In S/Z, his masterful unpacking of Balzac’s short story “Sarrasine”, Roland Barthes famously claimed that rereading “alone saves the text from repetition (those who fail to re-read are obliged to read the same story everywhere)” (15f.). In the case of Old Goriot, we cannot fully understand the novel’s final pages without rereading its opening. There, having speculated that “some tears may be shed over [the novel] in the reading—inter muros et extra,” the narrator asks:
Will it be understood outside Paris? One may doubt it. Only between the heights of Montmartre and Montrouge are there people who can appreciate how exactly, with what close observation, it is drawn from life.
They live in a valley of crumbling stucco and gutters black with mud, a valley full of real suffering and often deceptive joys, and they are so used to sensation that it takes something outrageous to produce a lasting impression. Yet now and then in some overwhelming tragedy evil and good are so strangely mixed that these selfish and self-centered people are forced to pause in their relentless pursuit of their own affairs, and their hearts are momentarily touched; but the impression made on them is fleeting, it vanishes as quickly as a delicious fruit melts in the mouth. The chariot of civilization, like the chariot of the Juggernaut, is scarcely halted by a heart less easily crushed than the others in its path. It soon breaks this hinderance to its wheel and continues its triumphant course.
And you will show the same insensibility, as you hold the book in your white hand, lying back in a softly cushioned armchair, and saying to yourself, “Perhaps this one is amusing.” When you have read of the secret sorrows of old Goriot you will dine with unimpaired appetite, blaming the author for your callousness, taxing him with exaggeration, accusing him of having given wings to his imagination. But you may be certain that this drama is neither fiction nor romance. All is true, so true that everyone can recognize elements of the tragedy in his own household, in his own heart perhaps. (27f.)

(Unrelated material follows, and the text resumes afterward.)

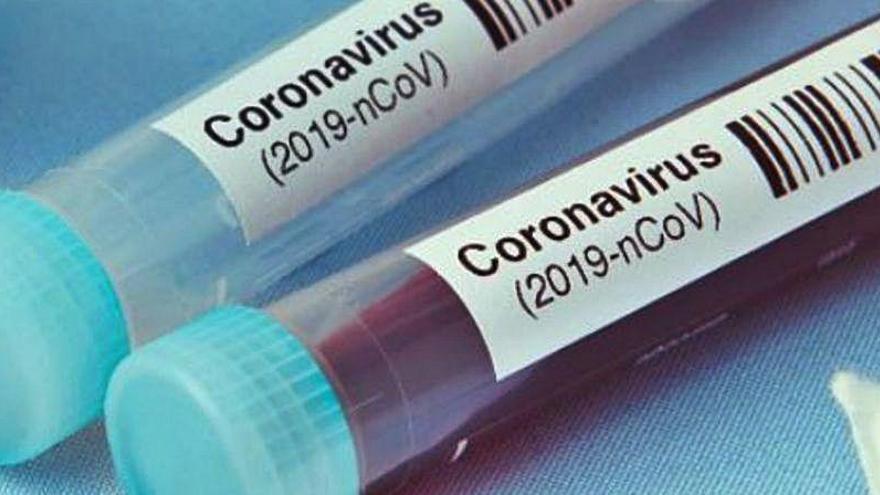 Ya se habla del precio que tendrá la vacuna contra el COVID-19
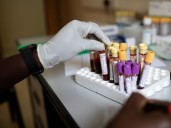 New HIV prevention guidelines say doctors should not 'gatekeep' meds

These utterly brilliant paragraphs lay out a founding paradox: the story of old Goriot—that “heart less easily crushed” by the “chariot of civilization”—can only be appreciated by those who inhabit Paris, but their “selfish and self-centered” nature is such that they will only be “momentarily touched.” It matters not whether one lives amidst the “crumbling stucco and gutters black with mud” of the 5th arrondissement, site of the Maison Vauquer, or in the glittering salons of the 7th, relentless pursuit of self-interest breeds an indifference potentially fatal to the narrator’s dramatic aim. The clearly aristocratic and feminine implied reader is not quite “lying tortuously” in her “softly cushioned armchair,” but the insistence that she will “dine with unimpaired appetite” at the conclusion of the book is, on rereading, an obvious reference to the dinner with Delphine that Rastignac anticipates in its final sentence. In short, the story of old Goriot is framed by challenges: Rastignac’s throwing down the gauntlet to a feminized Paris at the end only comes clear with, and is subservient to, the challenge that the novelist had previously issued to his implied reader—to both understand the tragedy of Goriot and recognize elements of it “in his own household, in his own heart perhaps.” Rastignac gives up on his chance for wisdom, but Balzac clearly holds out hope, against considerable odds, for his implied reader.